[TASK ITEM] Starting at the line where "Union LA x Air" occurs, reproduce each line through the end of the entries below exactly. Omit every picture.

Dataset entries
Segment Open
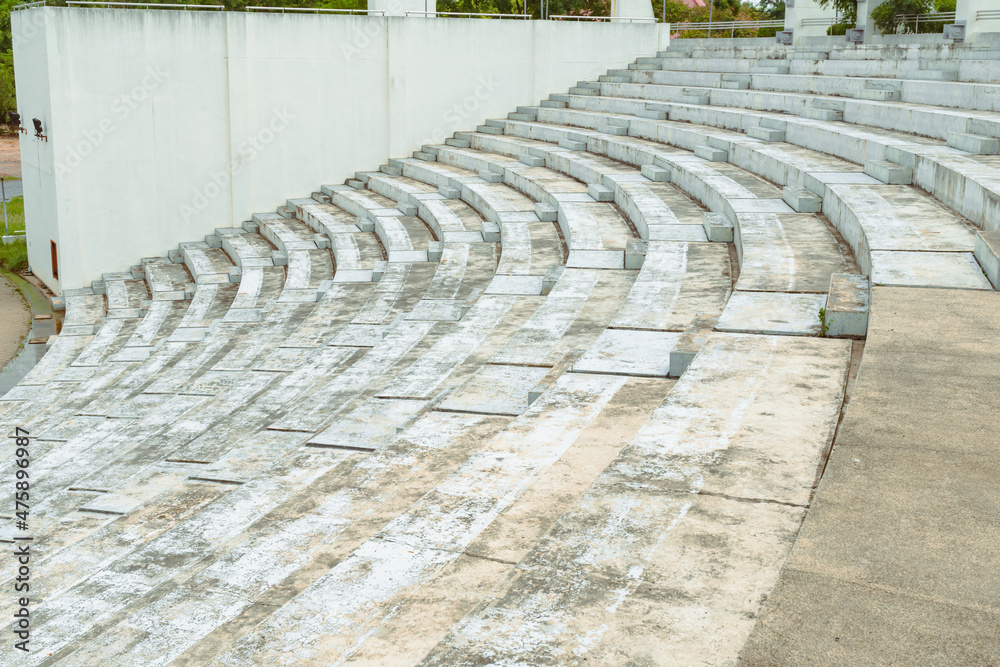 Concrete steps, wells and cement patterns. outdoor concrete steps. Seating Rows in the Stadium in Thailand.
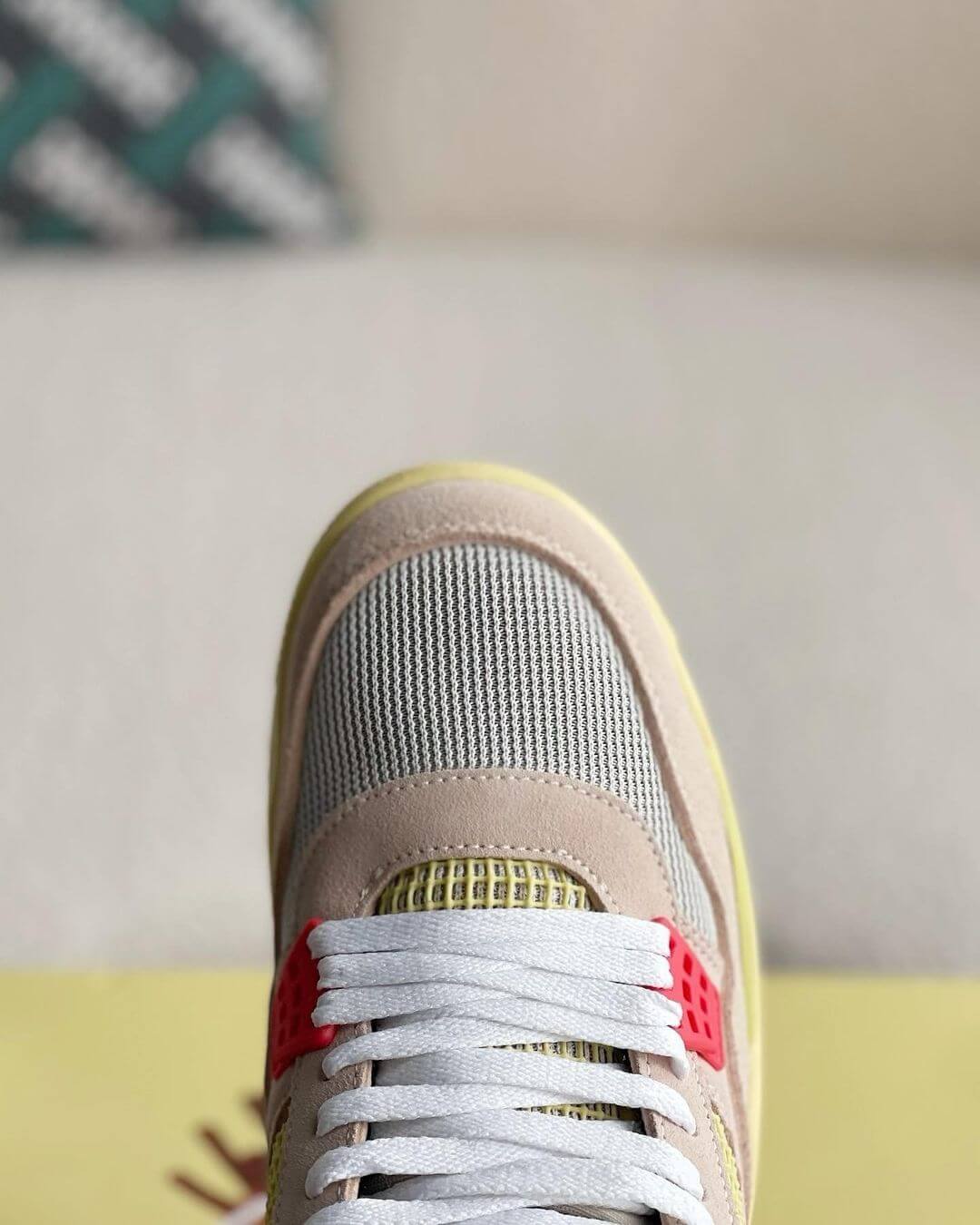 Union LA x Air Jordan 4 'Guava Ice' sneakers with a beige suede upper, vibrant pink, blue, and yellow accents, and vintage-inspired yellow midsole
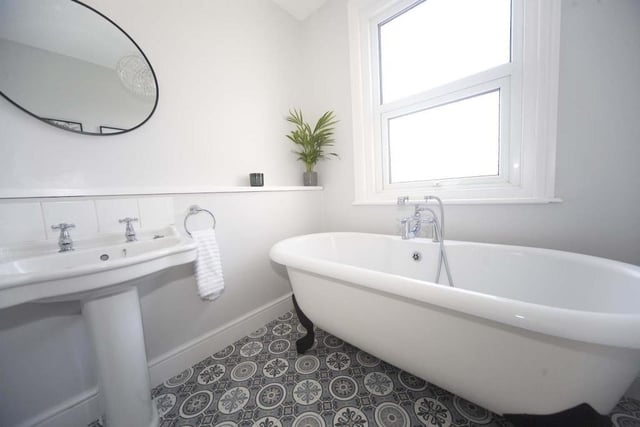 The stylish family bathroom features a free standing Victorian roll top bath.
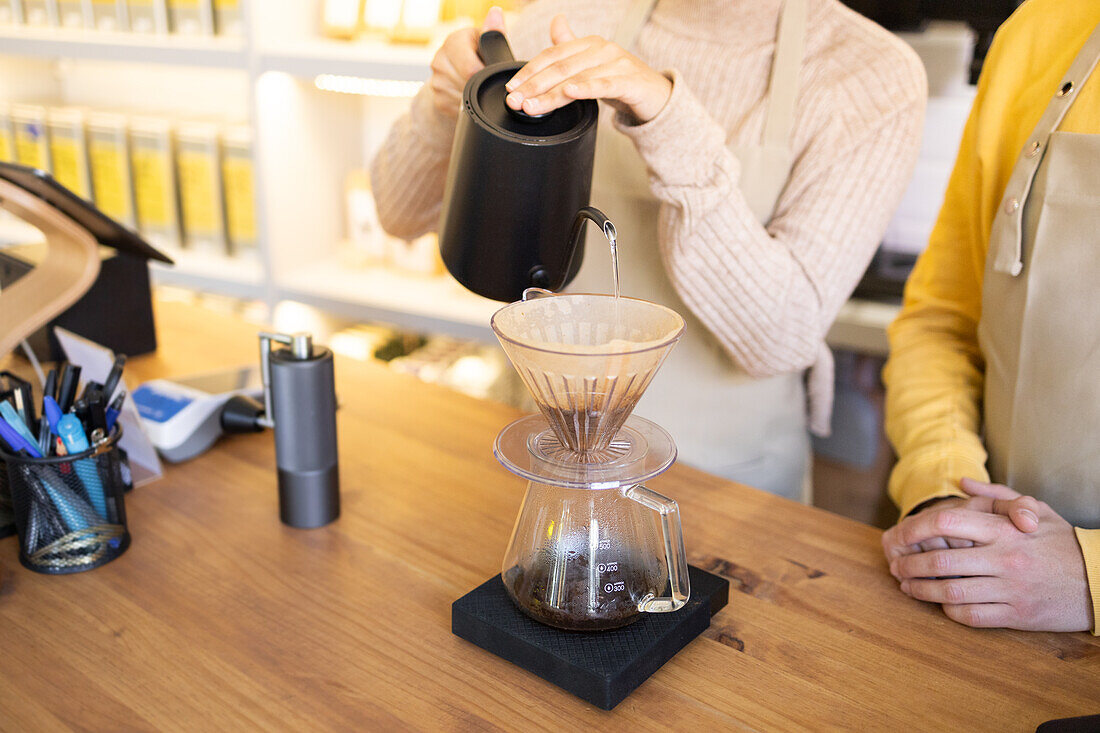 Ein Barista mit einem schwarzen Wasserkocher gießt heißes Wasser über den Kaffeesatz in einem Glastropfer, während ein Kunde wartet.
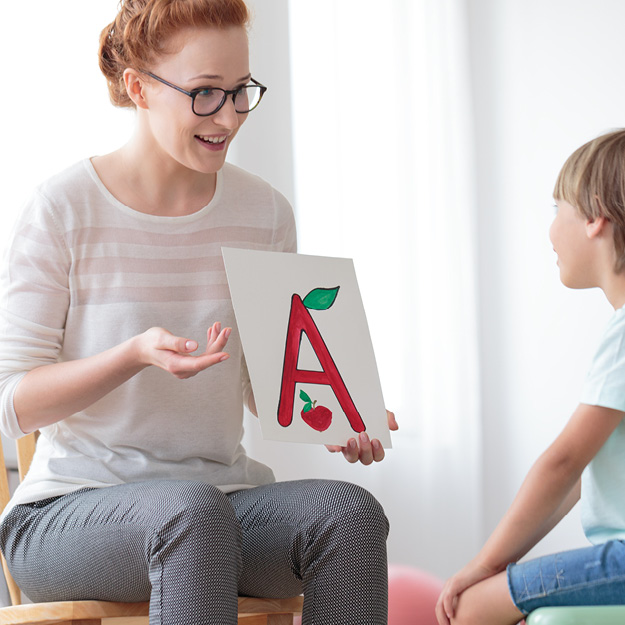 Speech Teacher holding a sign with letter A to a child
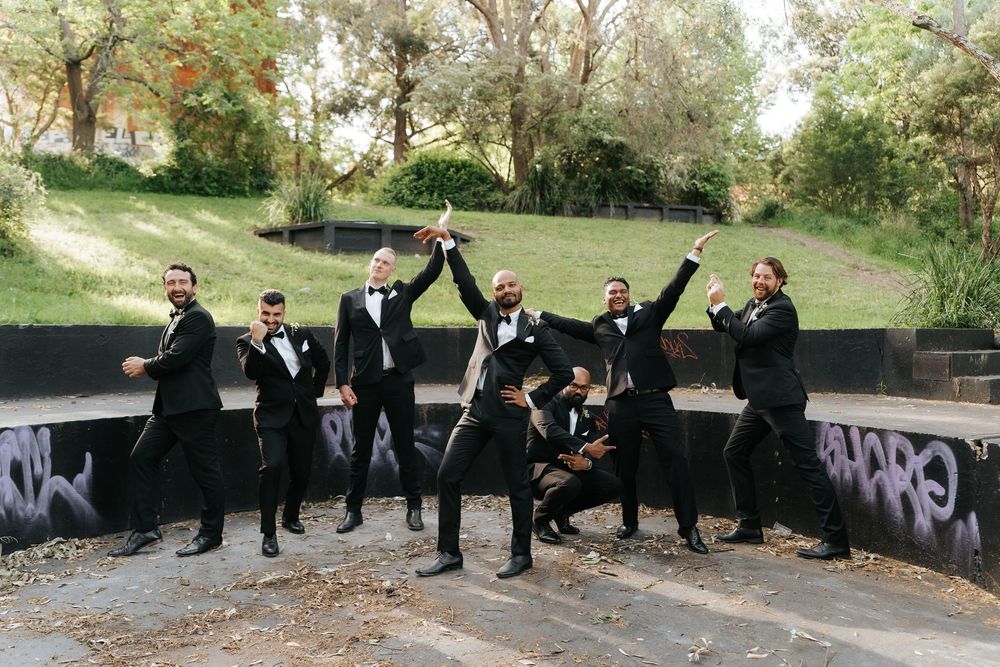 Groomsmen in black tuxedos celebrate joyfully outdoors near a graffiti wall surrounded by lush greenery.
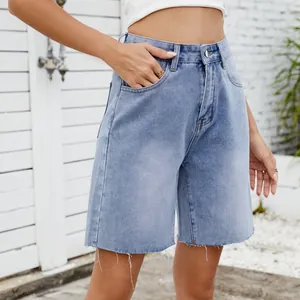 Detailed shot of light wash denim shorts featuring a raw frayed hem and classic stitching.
Segment Closed
[TASK SOLUTION]
 Union LA x Air Jordan 4 'Guava Ice' sneakers with a beige suede upper, vibrant pink, blue, and yellow accents, and vintage-inspired yellow midsole
 The stylish family bathroom features a free standing Victorian roll top bath.
 Ein Barista mit einem schwarzen Wasserkocher gießt heißes Wasser über den Kaffeesatz in einem Glastropfer, während ein Kunde wartet.
 Speech Teacher holding a sign with letter A to a child
 Groomsmen in black tuxedos celebrate joyfully outdoors near a graffiti wall surrounded by lush greenery.
 Detailed shot of light wash denim shorts featuring a raw frayed hem and classic stitching.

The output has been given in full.